• Partial view of Lake Faro from land

Alessandro Saccà

Microbial Plankton Ecologist

A peculiar strain of Green sulfur bacteria (GSB), especially adapted to low light intensities and producing a unique bacteriochlorophyll (BChl) homologue, has been found, to date, only in the Black Sea and in Faro Lake. GSBs are anoxygenic photoautotrophic prokaryotes which form a distinct and coherent phylogenetic lineage and are commonly found in euxinic (anoxic and sulfidic) aquatic habitats at depths where light is very faint.

All known green sulfur bacteria are obligate anaerobic photolithoautotrophs which can only grow in the presence of light and reduced sulfur compounds as photosynthetic electron donors. Since its discovery, this group of prokaryotes has gained a lot of interest because of a number of unique features. In fact, GSBs perform anoxygenic photosynthesis through specific antenna pigments (bacteriochlorophylls c, d and e) and particular carotenoids (isorenieratene, β-isorenieratene and chlorobactene) which are packed in peculiar organelles, the chlorosomes.

Chlorosomes and the associated photosynthetic pigments constitute very sensitive light receptors that can capture even minute amounts of light and thus enable the green sulfur bacteria to photosynthesize and to grow at very low light intensities.
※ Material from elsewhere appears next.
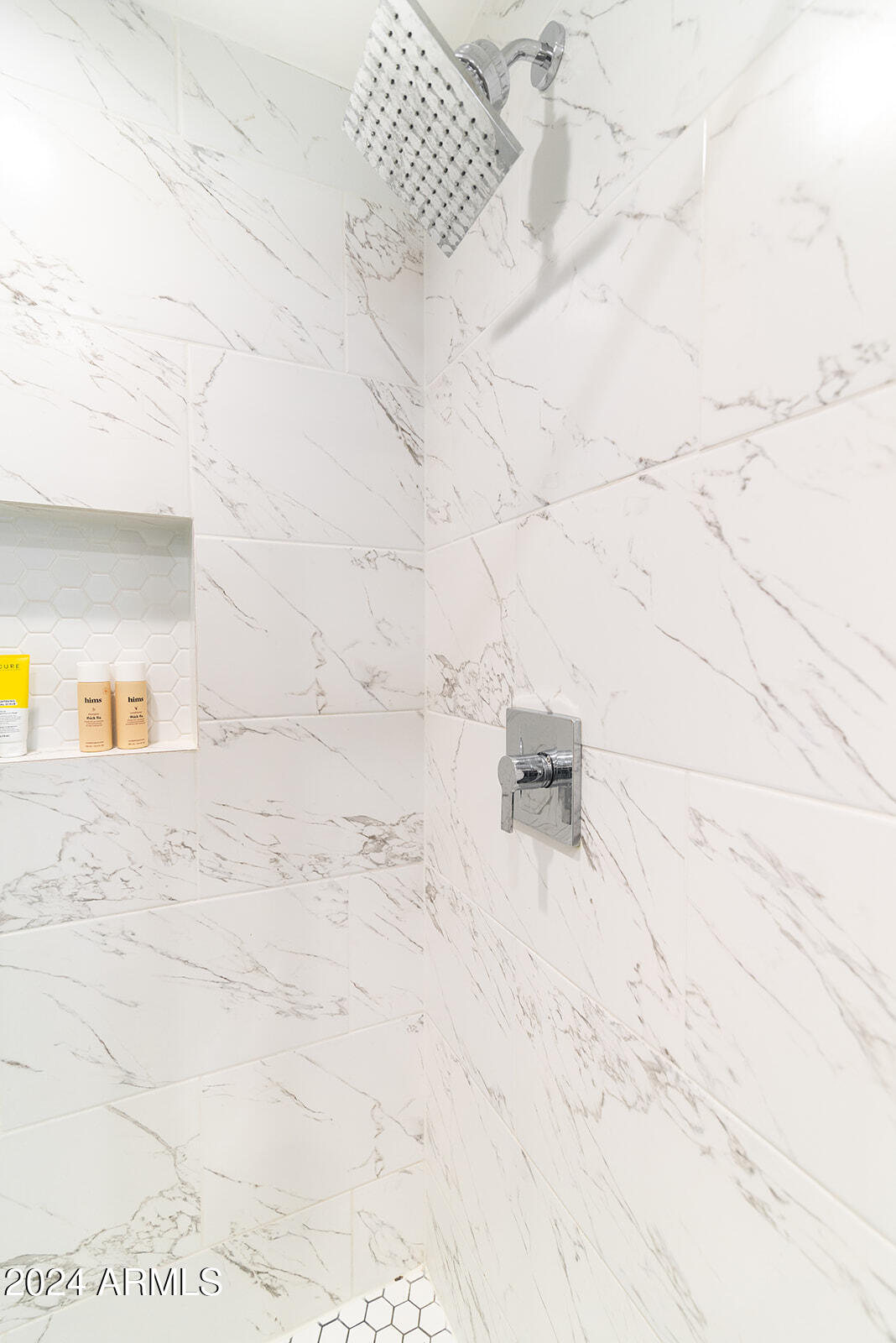 2826 E Sylvia Street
The efficient light harvesting of GSBs has important ecological consequences because it allows these bacteria to occupy such deep water layers in stratified environments that the reduced sulfur compounds they use as electron donors are in great supply.
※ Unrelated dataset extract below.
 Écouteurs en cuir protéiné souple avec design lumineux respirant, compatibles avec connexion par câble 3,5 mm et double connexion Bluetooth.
The analysis of 16S rRNA gene sequence of PSBs found in the chemocline of the Black Sea revealed the presence of a single phylotype, Chlorobium sp. strain BS-1, which, after selective enrichment, was found to be halophilic and to exhibit extraordinary low-light adaptation. The same analyses performed on samples from the “red water layer” of Faro Lake in collaboration with Dr. Ovidiu Ruecker (formerly at the DSMZ), showed exactly the same phylotype. Furthermore, a distinctive bacteriochlorophyll e homologue, previously detected only in the Black Sea, has been found in Faro Lake by me and Prof. Carles Borrego (University of Girona).